Pekan lalu catatan prestasi sedikit saja, yaitu lari 400 m
gawang 64,8 detik (Eklevina Rumayauw), lari 100 m gawang 1576
detik dan pancalomba 3014 (Irawati Subiyono), lontar martil
43,44 m (ir. Komot Heruwatno).
Di mana kesalahannya? Stanley Gouw, bekas pelatih atlit nasional
Lelyana Tjandrawidjaja, melihat sistim pembinaan atletik masih
belum terarah. Misalnya, seorang pelatih, terutama di luar
Jakarta, masih menangani banyak atlit dan banyak nomor. "Kalau
saja kita bisa menerapkan perbandingan 1 pelatih untuk 3 atlit,
itu sudah bagus sekali," kata Gouw. Di luar Jawa, ada yang 1
banding 10, dan dengan ragam nomor.
Di Jakarta, daerah yang punya sarana dan pelatih cukup banyak,
hampir sama saja keadaannya. Misalnya, pembinaan di sekolah
khusus olahragawan di Ragunan -- untuk belasan pelajar dari
cabang atletik -- cuma dilakukan oleh Steve Thenu.
Pelatih kepala PASI Jakarta Wuryanto M.Ed. tak hanya
mempersoalkan perbandingan antara pelatih dan atlit, tapi juga
kurangnya frekwensi pertandingan. "Sedikitnya dalam 1 tahun
perlu diselenggarakan 30 pertandingan," katanya. Di Jakarta,
walaupun ada kompetisi bulanan antar klub, seorang atlit baru
mengikuti paling banyak 15 kali kejuaraan dalam 1 musim. Di
daerah lain frekwensinya jauh lebih rendah.
Dengan segala kekurangan itu, tentu saja, semua 15 atlit
terpilih Indonesia gagal total dalam kejuaraan atletik Asia Mei
lalu di Tokyo. Bahkan rekor nasional pun tak ada yang diperbaiki
mereka. Merosot? "Bukan," bantah pelari Carolina Riewpassa.
"Lawan yang jauh lebih maju." Namun Sri Purwidiati di Tokyo
hanya mampu melangkahi mistar pada ketinggian 155 cm, sama
dengan kemampuannya dalam kejuaraan nasional pekan lalu. "Saya
nggak habis ngerti, kok loncatan saya cuma begitu," kata Sri.
Padahal ia pernah mencapai 162 cm.
Dengan materi seperti sekarang, tim atletik Indonesia mungkin
akan sulit untuk unggul dalam SEA Games X. Di nomor puteri,
misalnya, Carolina yang diandalkan harus bersaing berat dengan
Usanee Laopinkarn, pelari 100 m dan 200 m dari Muangthai.

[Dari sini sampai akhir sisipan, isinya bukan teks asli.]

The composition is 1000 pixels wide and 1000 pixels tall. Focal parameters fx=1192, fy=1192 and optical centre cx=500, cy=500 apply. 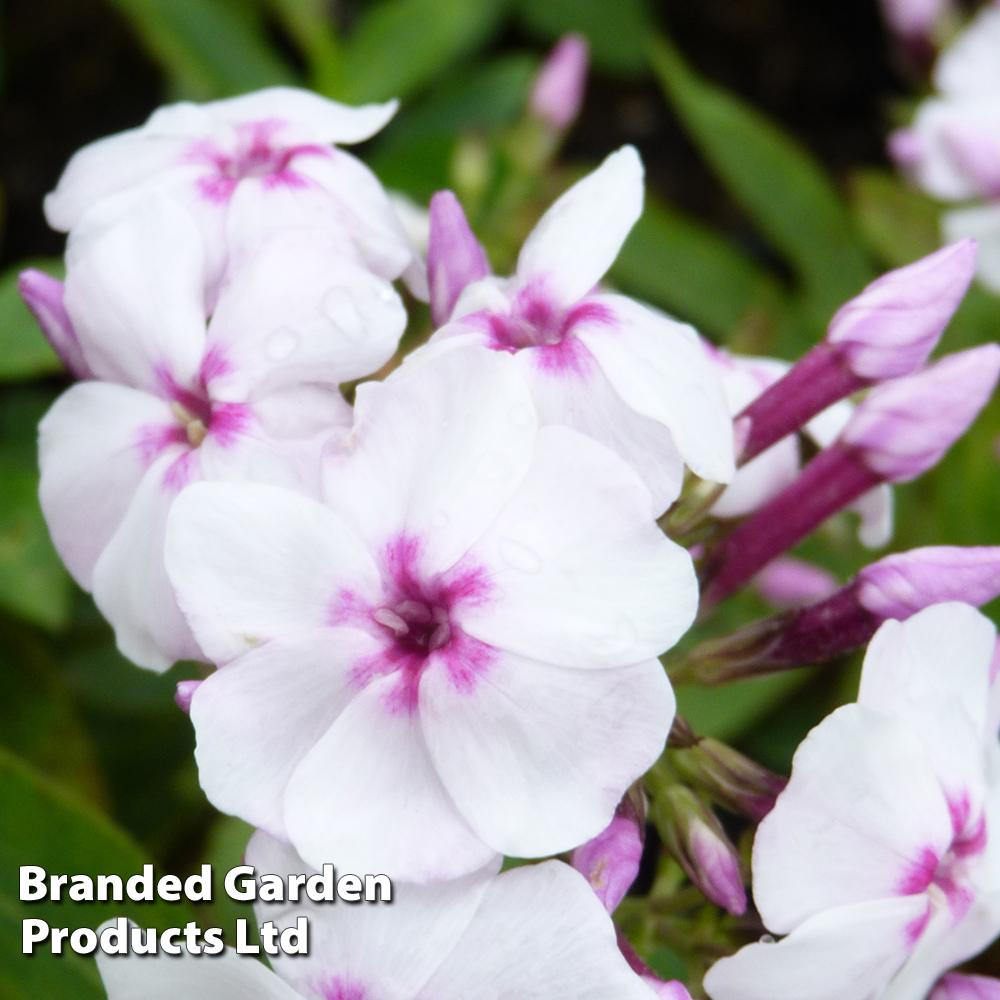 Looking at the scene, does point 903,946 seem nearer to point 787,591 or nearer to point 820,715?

Usanne
adalah pemegang medali emas Asian Games VIII. Rekornya dalam
nomor lari 200 m, misalnya, adalah 24,81 detik. Sedang catatan
terakhir Carolina 25,3 detik. Belum lagi terhitung pelari
Malaysia, dan Birma. "Untuk nomor puteri memang agak berat buat
kita," kata Gouw. Dalam SEA Games IX, 1977, Carolina meraih 1«
medali emas -- nomor 100 m waktu itu adalah juara kembar.
Gouw melihat peluang di nomor putera, terutama 4 x 400 m an 400
m gawang, didasarkan pada kemampuan Mujiono, Haryanto, Melly
Moffu, Mathias Mambay, dan Rachman Zakin. Kelimanya mencatat
waktu yang imbang, rata-rata sekitar 48 detik. Dengan itu saja
mereka cuma ketinggalan 1 detik dari prestasi regu Malaysia (3
menit 11,1 detik) yang tercatat sebagai rekor SEA Games.

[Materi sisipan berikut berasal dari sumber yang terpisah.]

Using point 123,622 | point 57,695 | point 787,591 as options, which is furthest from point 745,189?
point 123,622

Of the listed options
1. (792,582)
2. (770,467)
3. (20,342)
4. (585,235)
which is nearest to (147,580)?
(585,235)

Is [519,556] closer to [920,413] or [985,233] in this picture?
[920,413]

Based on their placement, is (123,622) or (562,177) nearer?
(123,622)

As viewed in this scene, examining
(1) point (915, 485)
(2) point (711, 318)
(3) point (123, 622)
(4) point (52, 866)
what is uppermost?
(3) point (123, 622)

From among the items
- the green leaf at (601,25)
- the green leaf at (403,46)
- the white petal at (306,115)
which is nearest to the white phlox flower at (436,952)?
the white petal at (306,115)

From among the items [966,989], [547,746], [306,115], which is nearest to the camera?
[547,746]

Di nomor lari 400 m gawang, harapan mungkin ada pada Melly
Moffu. Prestasi terbaiknya adalah 51,9 detik. Dalam kejuaraan
kemarin, sekalipun tetap merenggut medali emas, ia cuma membetot
waktu 52,7 detik. Saingannya dari Malaysia sudah mencatat tempo
48,7 detik. "Asalkan Melly ditangani secara baik, saya yakin
angka itu bisa didekatinya," kata Gouw. "Anak ini punya
potensi."
Tak Minta Medali
Ketua Bidang Pembinaan PASI, Sukoyo, tampaknya mencoba mengejar
waktu. Sekalipun KONI Pusat cuma memberikan jatah 3 pelatih
untuk menangani 34 atlit cabang atletik, ia akan menyertakan
sejumlah pembantu dengan tanggungan PASI. "Kita berharap lebih
baik dari SEA Games IX " katanya.
Presiden Soeharto muncul secara tak resmi di stadion utama
Senayan (14 Juni sore). "Beliau tidak minta medali untuk SEA
Games X nanti," kata seorang tokoh PASI yang tak mau ditulis
nama. "Beliau hanya ingin melihat atletik bisa digemari sampai
ke desa-desa. Pemassalan ini diharapkan untuk mendatangkan
prestasi nanti."
Kehadiran Kepala Negara itu -- pertama kali dalam sejarah
kejuaraan nasional atletik -- jelas mendorong semangat para
atlit. Ada pula itu ditafsirkan orang sebagai 'sentilan' untuk
para pejabat di daerah agar menggelorakan semangat beratletik di
kawasan masing-masing.
Tim DKI Jakarta pekan lalu menempati urutan teratas dalam
pengumpulan medali. Mereka mengantongi 20 medali emas, 11 perak,
dan 10 perunggu. Di bawahnya menyusul kontingen Jawa Timur
(12-17-12), Jawa Barat (4-5-7), Irian Jaya (2-4-5), dan Jawa
Tengah (1-0-2). Tak membawa pulang medali sama sekali adalah tim
dari Sumatera Selatan, Riau, Aceh dan Sulawesi Tenggara.